The discrepancy was particularly large in middle-income countries, as reported by the World Health Organization (WHO) in the journal »Nature«.

According to this, around 14.83 million more people died worldwide in the two years than would have been expected without the pandemic.

The WHO had already reported almost 15 million additional deaths in May.

At that time, the sometimes very complex methodology of the WHO was criticized.

The procedure is quite flexible, but also easily influenced by short-term random fluctuations, it said.

This led to inaccuracies in Germany, for example: in 2018 there were an unusually large number of deaths in this country due to a strong flu epidemic, but in 2019 the value was rather low.

The criticism at the time was that the WHO procedure did not take this into account sufficiently.

This resulted in implausible estimates of excess mortality for the years that followed.

The WHO reacted quickly at the time and has now refined the analysis for publication in »Nature«.

Many states with weak data

The new estimate is almost three times the number of officially reported 5.4 million Covid-19 deaths during that period.

However, due to the weak data situation, it is not possible for almost half of all countries to state excess mortality with a high level of certainty.

The number now published also includes deaths where the cause of death was probably not stated correctly: those of presumably infected but untested patients and deaths of people with illnesses or injuries who could not be treated in time due to the overload of the health systems .

For Germany, the WHO data analysis team recalculated the original estimate and concluded that there was an excess mortality of 122,000 - rather than 195,000 - over the two years.

A study by the University of Duisburg-Essen also took demographic developments into account for 2020 and came to the conclusion that some of the additional deaths were due to the growing number of people over 80.

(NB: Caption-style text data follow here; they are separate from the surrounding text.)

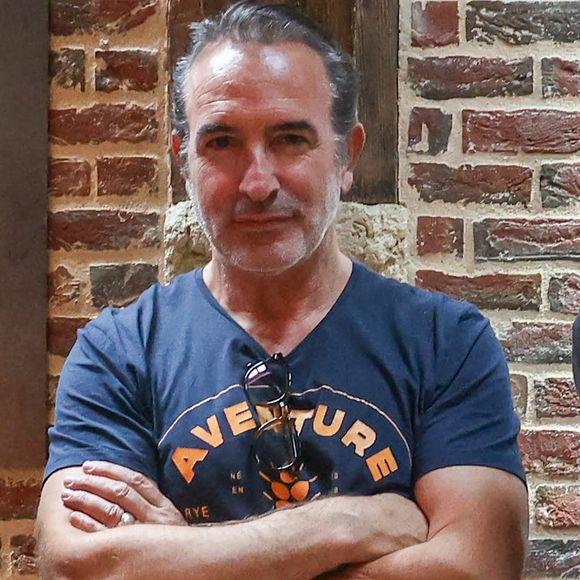 Exclusif - Jean Dujardin et ses trois partenaires, Antoine Gravouil, Olivier Carsoule et Éric Lafon, fondateurs de la distillerie Bordeaux Distilling Co, basée dans le quartier de Bacalan, lancent leur premier whisky, au nom évocateur : Aventure, à Bordeaux, France, le 1er octobre 2025. © Fabien Cottereau/Bestimage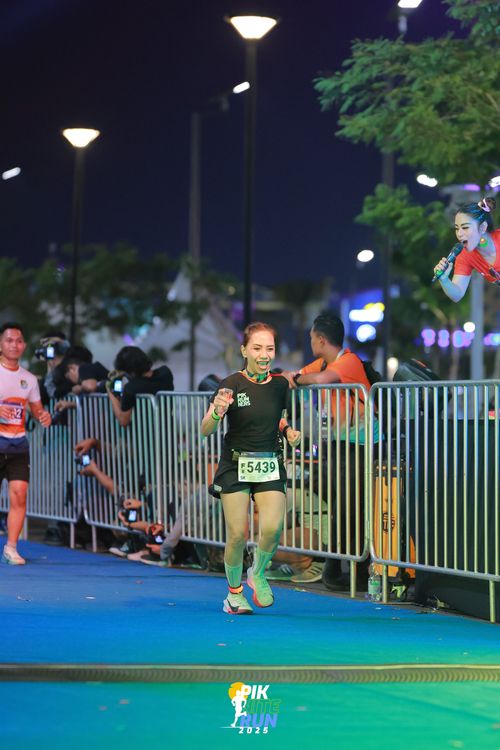 Race photo from PIK NITE RUN 2025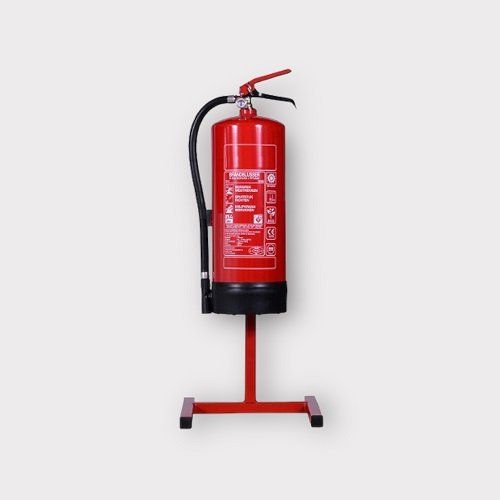 Rode brandblusser op een rode metalen standaard tegen een witte achtergrond.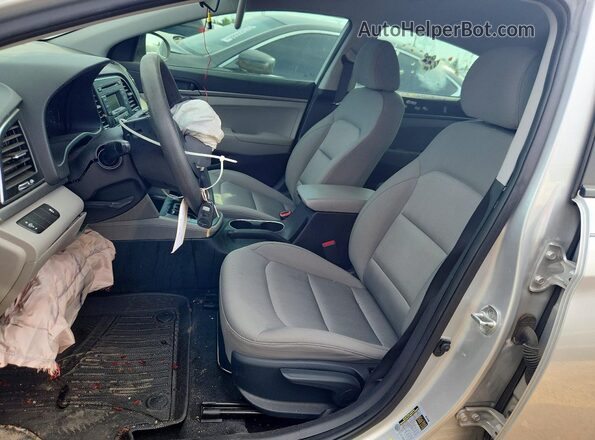 5NPD74LF5HH158501 2017 HYUNDAI ELANTRA Silver წინა სალონის ხედი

So much for the recent past.

For weeks, Germany has also been discussing the currently high excess mortality: According to the Federal Statistical Office, in October alone this was 19 percent above the average value of previous years - in human lives: 15,000.

The statisticians do not believe that the high excess mortality can be explained solely by the Covid 19 deaths.

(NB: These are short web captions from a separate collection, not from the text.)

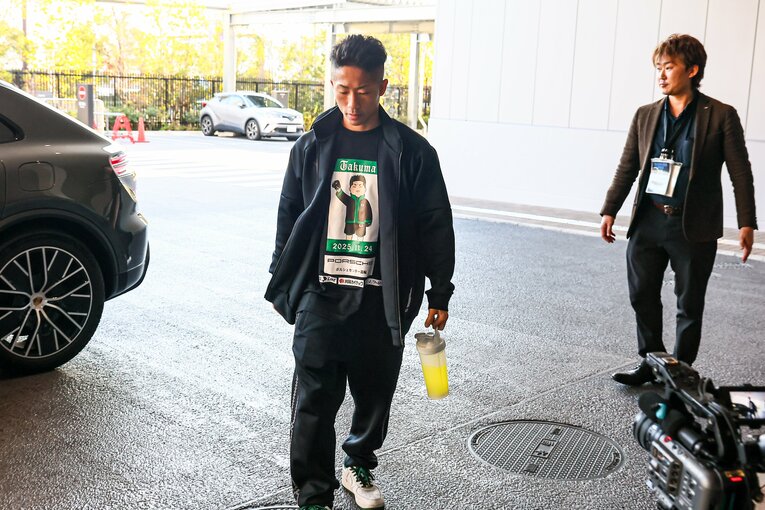 張り詰めた表情で会場入りする井上拓真　©Susumu Nagao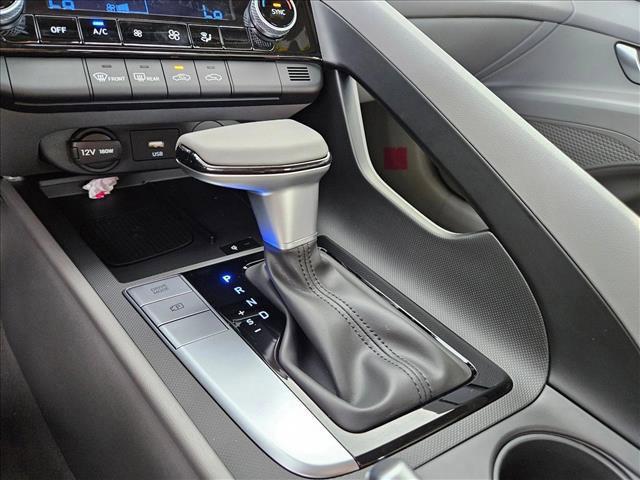 new 2025 Hyundai Elantra car, priced at $24,527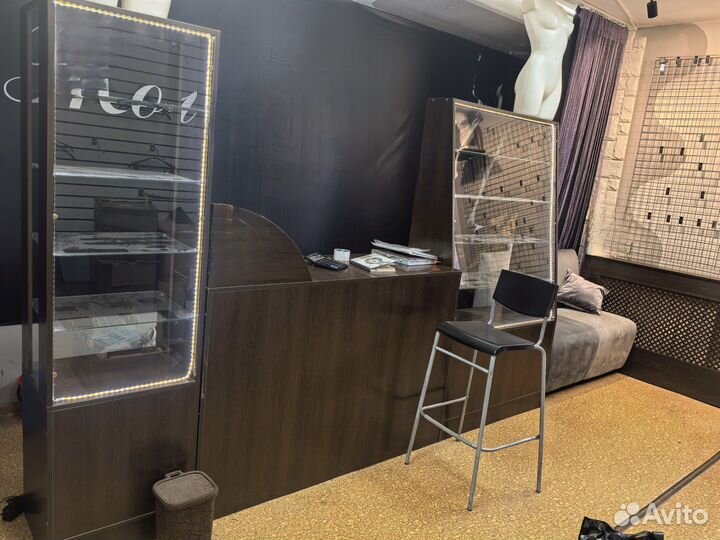 Торговое оборудование для магазина одежда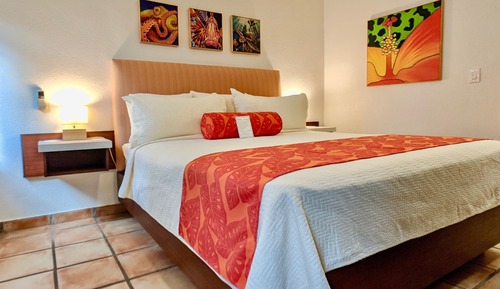Studio, 1 King Bed, Kitchen, Garden View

Although the Covid deaths also reached an interim maximum in mid-October, they could only partially explain the difference.

“It is currently not possible to assess the extent to which other factors contributed to the increased numbers in October.

The results of the cause of death statistics, which will be available later, can provide additional information on this question," it said.

The cause of death statistics for 2022 are not expected until the end of next year.

Vaccination has nothing to do with excess mortality

Of course, there is already speculation about the reasons, for example on social media: rumors are being circulated there that the vaccinations could be to blame for the high number of deaths.

From a scientific point of view, these claims are not tenable.

In fact, the opposite is true: Vaccinations prevented almost 20 million deaths in the first year alone.

Jonas Schöley, research associate in the Population Health Lab at the Max Planck Institute for Demographic Research in Rostock, also considers a correlation between the corona vaccination and excess mortality to be almost impossible: "As a scientist, I want to keep all options open, but I just don't see any connection ' Schöley said recently to the 'Tagesschau'.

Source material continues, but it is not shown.